“ A place belongs forever to whoever claims it hardest, remembers it most obsessively, wrenches it from itself....” – Joan Didion in The White Album, a portrait of 1970s California.
One of the shrewdest observers of our times, writer Joan Didion may have belonged to California, but she went on to become a New Yorker — and that road inevitably led her to Miami.
It has been almost three decades since Didion came to town, and with the meticulousness of an anthropologist, examined our changing demographics, our tense community relations, and what was then the growth story of the day — the overdevelopment of Kendall.
But when Didion wrote her bestseller, Miami, she honed in on one story: the effervescence of Cuban Miami.
With so many new plot lines now and a Cuban-American establishment that’s mainstream and as dispersed and entrenched as the Irish in Boston, the question is: To whom does/will Miami belong?
I’m not trying to stir up trouble in our civic waters.
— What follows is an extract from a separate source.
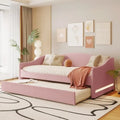 Letto a una piazza singolo imbottito rosa/grigio/beige con luci LED e letto estraibile – Per 2 persone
But a convergence of events made me return to Didion and the meticulousness with which she dissected that Miami.
It feels as if this too is a moment that begs some definition, like those heady times in the late 1980s when the nation’s top writers came to take our temperature.
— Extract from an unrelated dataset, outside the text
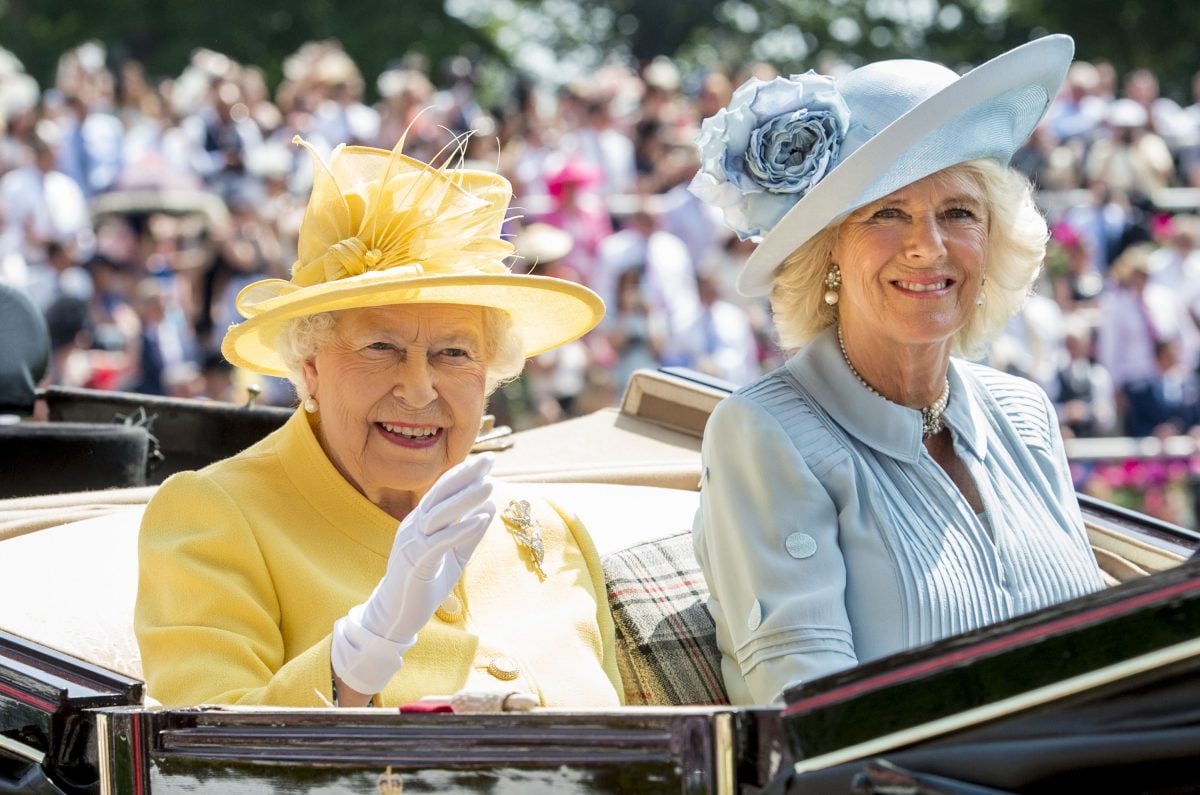 Queen Elizabeth II and Camilla Parker Bowles arrive in a carriage to Royal Ascot at Ascot Racecourse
Not then — and certainly not now — are we an easy measure, but something’s afoot.
Old and new friends announce that they’re leaving the assured blizzards of the northeast for the hyped-but-seldom-arriving hurricanes of South Florida.
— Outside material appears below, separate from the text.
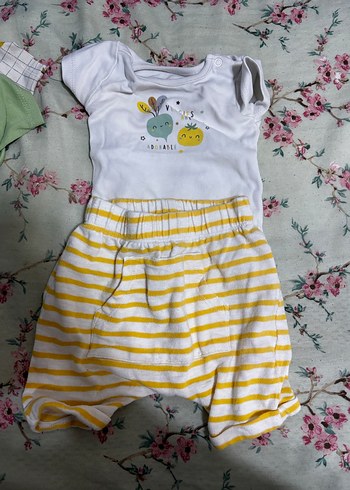Sarı Çizgili Bebek Erkek Kısa Kollu Takım - Görsel 2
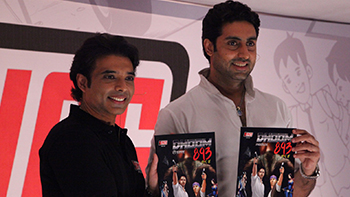 Uday Chopra and Abhishek Bachchan at the YOMICS press conference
They belong to that desirable intellectual, creative class that’s driving our newfound cachet and part of the growth.
“We’re dreaming of coming home….” the old friend writes.
The phrase sticks with me. She’s not originally from here, but she lived and worked in Miami during that heady time Didion captured.
“Havana vanities come to dust in Miami,” Didion famously began our tale.
White flight was in full swing, but my friend learned Spanish, got to know Cubans in a deeper way than most. She has lived expansively in New York and abroad — yet she calls Miami home.
Same week, a French journalist calls.
The French are publishing Tom Wolfe’s book about Miami and he wants to know what Miami’s art world thinks about Wolfe’s Miami of Russian mafia goons, forged artworks and hot Cuban lovers.
I tell him I love Wolfe’s other work, but I’ve only read a few pages of Back to Blood and I blame the obnoxious voice of the newspaper editor in the beginning.
I deliver what has become my standard line: “Miami is complex.”
But my tongue gets the best of me: “This city will swallow even the finest out-of-towners and make them churn out caricature.”
Joan Didion got Miami because she knew how to own a place, how to capture the pathos of a historic moment, one that merits revisiting any day.
Her Miami, our Miami, is ever-changing, and for the time being, the moment feels like the proverbial pregnant pause.
It may not matter to whom Miami belongs. What matters is that we’re here, hellbent on loving it.